Stopping question leaks needs a happy education model

Incidents of question-paper leaks at each level of exams in the country have developed an uncanny feeling of panic among students, parents and civil society alike. People have been wondering why it is happening so and what can be done to fight the menace.

The reasons that are commonly advanced as responsible for the phenomenon are:

  1. Education is now a commodity for sale;
  2. The education system is now entirely exam-centric and academic results are usually given the highest priority;
  3. Teachers are not well paid and therefore do not impart lessons properly in their class rooms and have become more interested in coaching outside;
  4. Coaching centres have flourished as an inevitable result and they compete with each other to win over students and their guardians.

Apart from the reasons above that combine together to form the core motive behind question-paper leaking, there are other attributes as well. It should be ascertained whether or not it is lack of planning for our education system, or simply an administrative lapse of the concerned authorities is responsible. Is it a temporary phenomenon or a long term planning is required to combat the issue? The question that comes ahead of others is in which country it has this not been so.

Looking back at 50 to 70 years from now we find no evidence that teachers were better paid before. Education system had always been exam-oriented not for enlightenment. The fact is that as students are overburdened with thick and complex text books, they are happy if they are given some ideas about probable questions in advance. 

There is the factor of addition of two public exams for class V and class VIII which are causing question leaks at the beginning stage of a child. Addition of the above two exams should be reviewed. 

The public exam at class VIII is truly redundant. Having a Grade V exam in individual schools on the basis of standardised Board test papers may be an alternative and could be a turning point to check how many students fail or drop out from schools. So information of those students (as dropout rate is very high in grade four to five largely in rural and semi-urban areas) can be recorded.

Boards should allow them to continue school till grade 12 and arrange special support to bring them back to schools. It may be a daunting task for a poor country like Bangladesh and a lengthy process, but it is not impossible either and can be set up by the education authorities with the support of stake holders.

Closing down coaching/learning centre business could be a good decision. But as government prohibited these institutions, they are still running their business under cover of 'learning centres' currently. It is not true that there were no tuition system earlier, it existed but was not as rampant as it is today. School administration should arrange special classes for weaker students if they are concerned.

Bangladesh needs to re-design the education system that will help set up a unique classroom with an interactive curriculum where students will have enough time to be engaged in multiple disciplines, including science and maths using natural resources (not necessarily they require a modern lab). This classroom teaching can change students' purpose of education significantly and make them creative. High school students (grade 9-12) should be engaged in community works and developing leadership skills (during short and long vacations) such as 40 hours of mandatory voluntary work per year (which may be paid or unpaid) aimed at their self-development. So education can be participatory and social change and community development focused.

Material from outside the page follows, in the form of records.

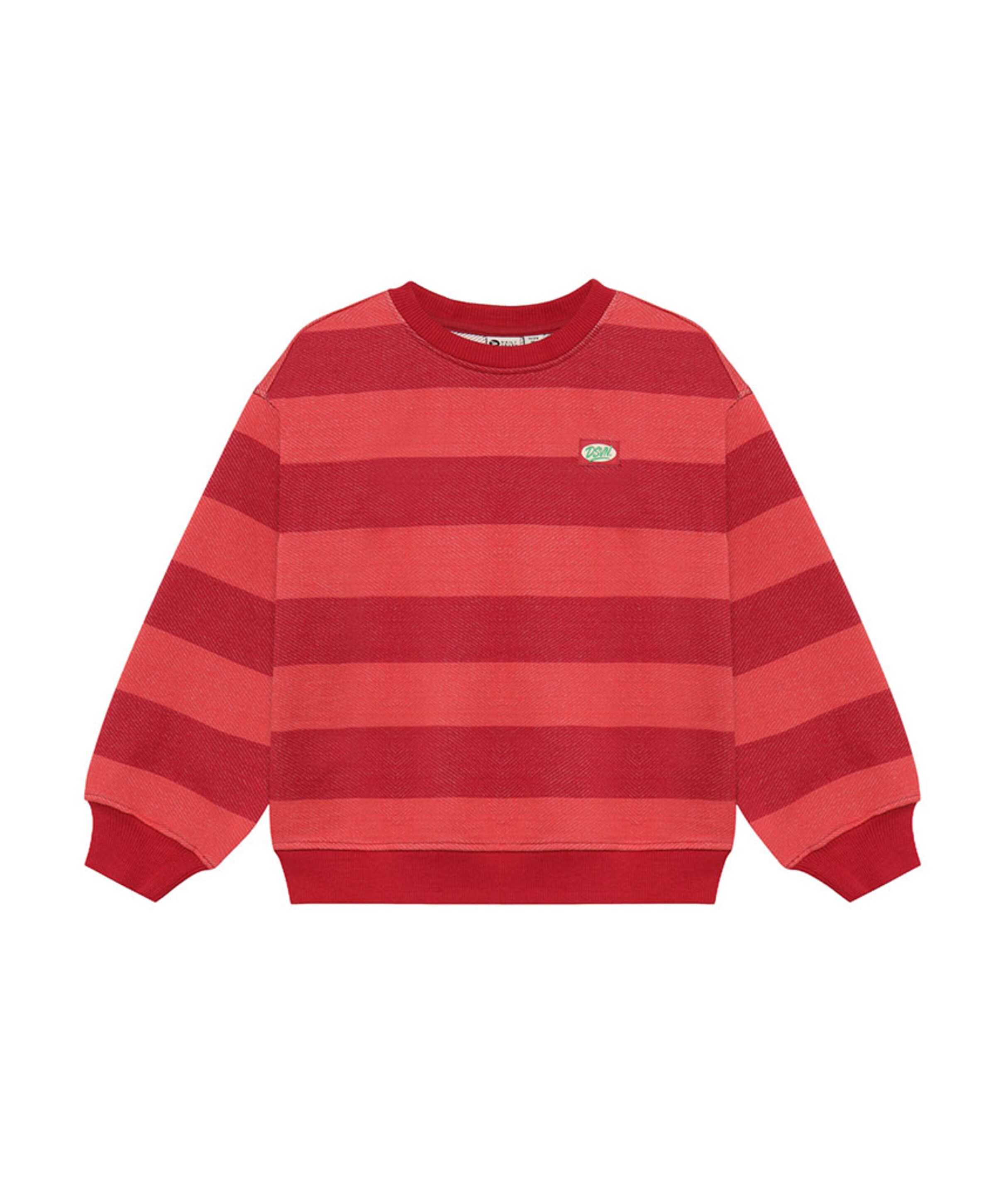 Jongens sweater bordeaux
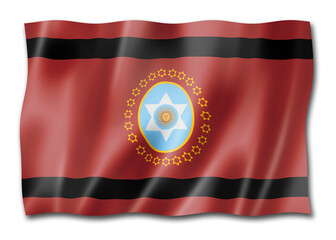 Salta province flag, Argentina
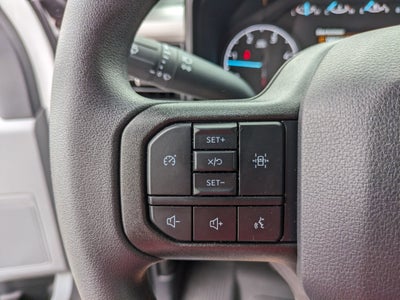 2025 Ford Super Duty F-350 DRW XL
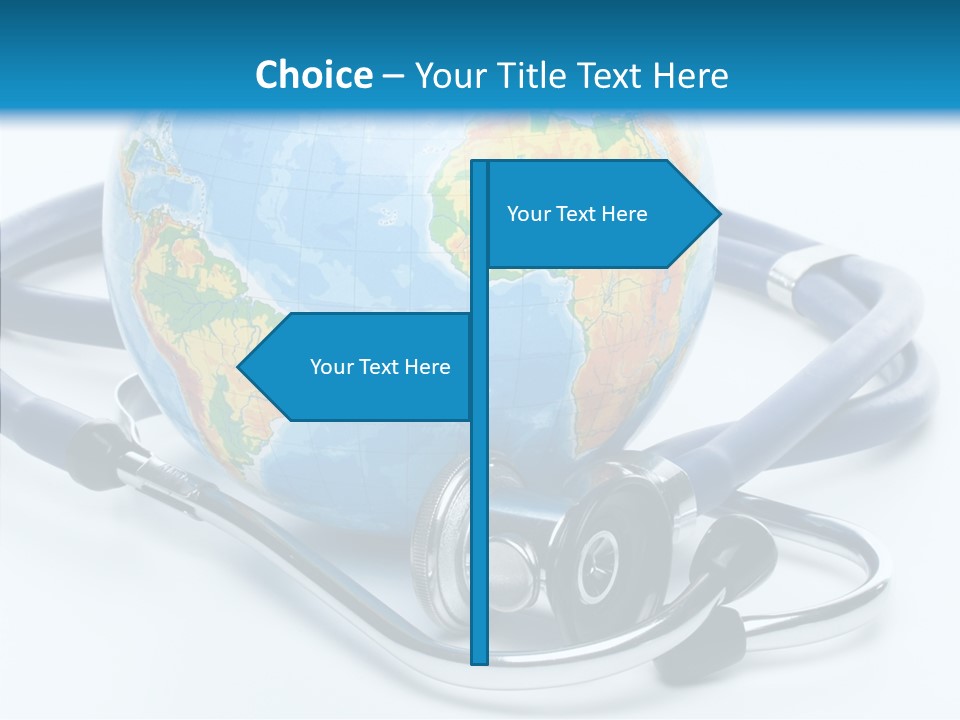 Adult Grandmother Hold PowerPoint Template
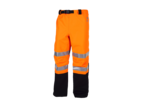 Stoney Creek Hi Vis Pioneer Overtrousers, Orange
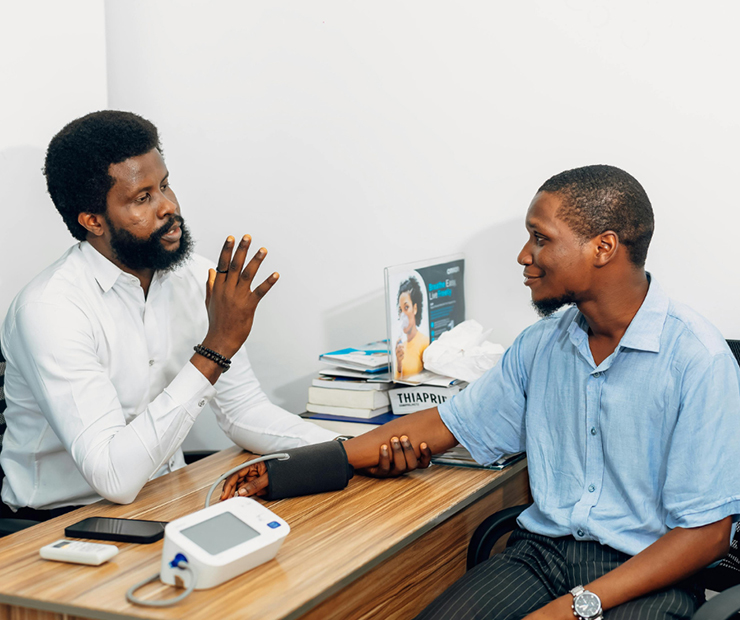 ACDA UK Blood Donation Drive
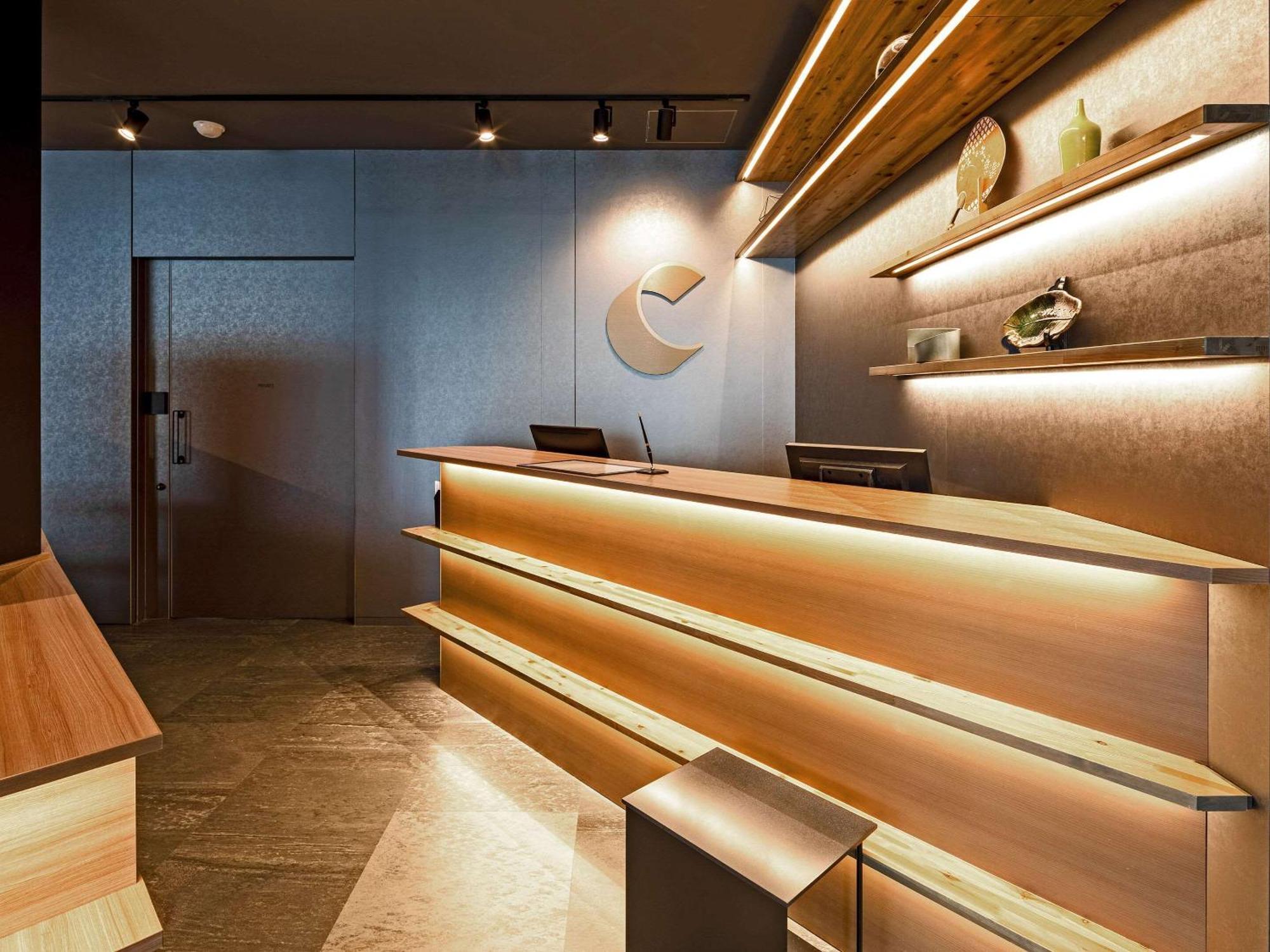 Comfort Hotel Yokkaichi Exterior photo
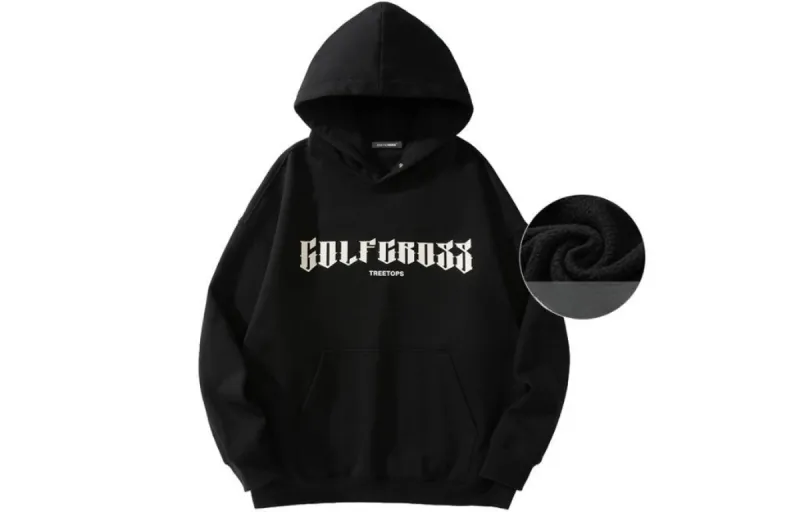 GOLFCROSS Sweatshirts Unisex-23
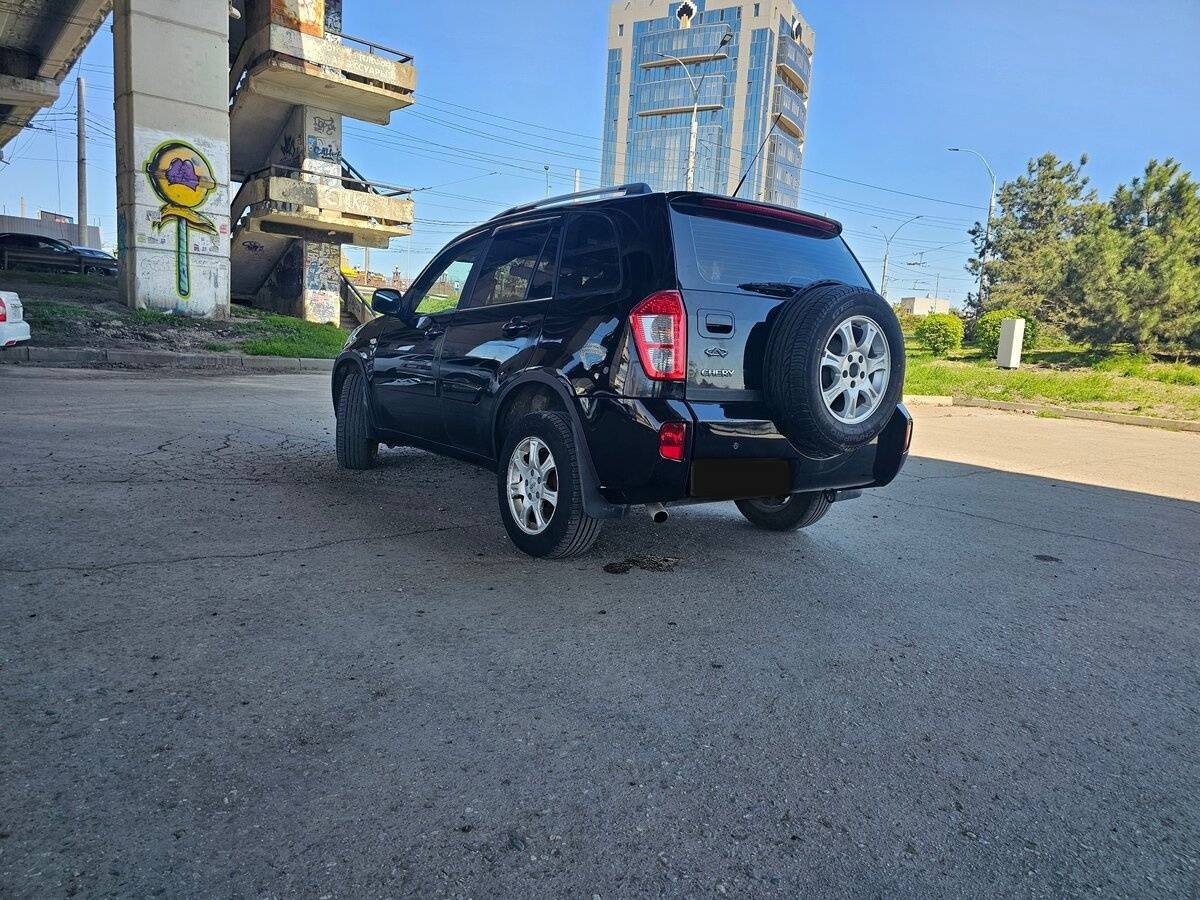 Купить Chery Tiggo (T11), 2013, 100 000 км, фото №15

In particular, we have to look for the sources of question leaks with an eagle's eye so that we can address some issues of fundamental importance to change the current system. The government and stakeholders in education sector can bring back discipline and peace in the education system. These are the issues that can be taken into consideration: n Aspects of effective public service delivery in fragile education contexts n Political participation in curriculum n Effects of electoral problems in education n Impact of violent political practice on education  n Corruption in upper level and leakages in fragile education contexts. n Effective regulatory framework and monitoring system.

However the current system is Board exam-focused, so everyone needs to pass these exams and achieve highest possible marks to get admission to a good institution for higher studies.

The right solution is, we should immediately stop colonial SSC and HSC board-exam system, following the Western education system as those are experimented. In North American system students have the opportunity to appear at an exam for a  particular subject which they failed on at least two occasions in summer school. If this can be done, we can assume that not only all coaching/learning centres will be closed overnight, they will not find any other ways to survive. Thus parents' money will be saved, students will be relieved of the panic of board exams and their mind will be free to seek knowledge. There will be no issue of leaking questions.

In conclusion, to avoid question papers leaking, Bangladesh education system needs to remove all sorts of board exams up to grade 12 in the first place. Over and above, the country needs to build a happy education model.  The removal of all board exams and engaging students in multiple languages, social subjects, community works for live experience, and math and science experiments using methods of nature (going to the field/nature and science trips) will bring about a dramatic effect in Bangladesh education system. It is school teachers and not boards or associates, who will be responsible to set question papers and educate their children in line with national curriculum. Thus, our students will be nurtured under a healthy, creative and natural education system. Interactive, participatory and a happy education model will nurture a student to create a "complete man" (sompurno manush).